Ma il raggruppamento targato Indaco-Migliore-Del Prete è molto più radicato sul territorio. È composto da un numero consistente di supporter. Lo dimostrano anche gli oltre 1.400 voti alle comunali rispetto ai circa 650 racimolati dalla lista Coraggio che solo per il rotto della cuffia è riuscita a portare a casa un seggio nel civico consesso. Il futuro posizionamento del movimento dipenderà anche dal consigliere Castelli. Ma non è difficile prevedere che l’eletta di Coraggio seguirà come sempre le direttive di suo cugino Ragozzino. Anche per il suo rapporto di parentela l’avvocato è sempre riuscito a imporle la strada da seguire. Merito della sua astuzia politica di persuaderla. In qualche caso di raggirarla. Ma è anche colpa della Castelli che ha sempre dimostrato poca autonomia seguendo il cugino in modo pedissequo e acritico.

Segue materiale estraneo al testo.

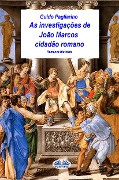 Cover-Bild zum Titel 'As Investigações De João Marcos Cidadão Romano' von 'Guido Pagliarino'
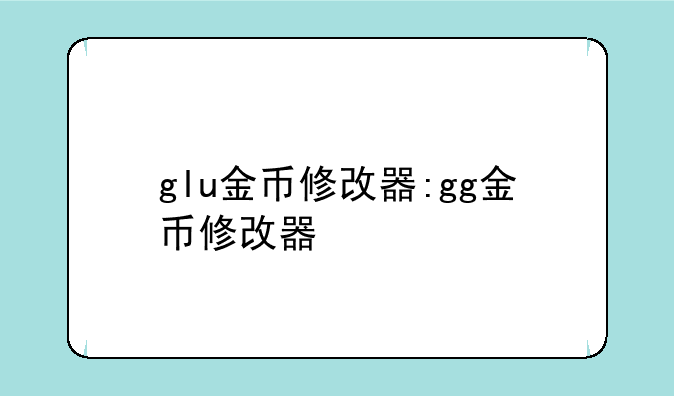 glu金币修改器:gg金币修改器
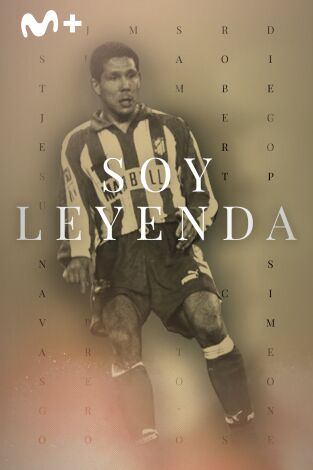 Soy Leyenda. T(1). Soy Leyenda (1): El Cholo Simeone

È quasi scontato che anche stavolta il consigliere di Coraggio non ostacolerà la strategia di Ragozzino e in merito all’imposizione di passare all’opposizione dirà “signorsì”. La stessa risposta arriverà con ogni probabilità anche dalle altre girl dell’avvocato: Mena Capasso e Ida Fiorillo. La Capasso pende dalle labbra di Ragozzino. Non potrebbe mai contraddirlo. Fiorillo ha sempre pensato più con la propria testa ma difficilmente ingaggerà una battaglia contro il promotore della lista. Quindi? Previsione facile. Passerà la linea di Pasquale Ragozzino. E Coraggio andrà all’opposizione con l’obiettivo di mandare a casa il sindaco Andrea Villano capitalizzando il dissenso di Elveri. Chissà come sarà la convivenza della Castelli con gente come Espedito Ziello?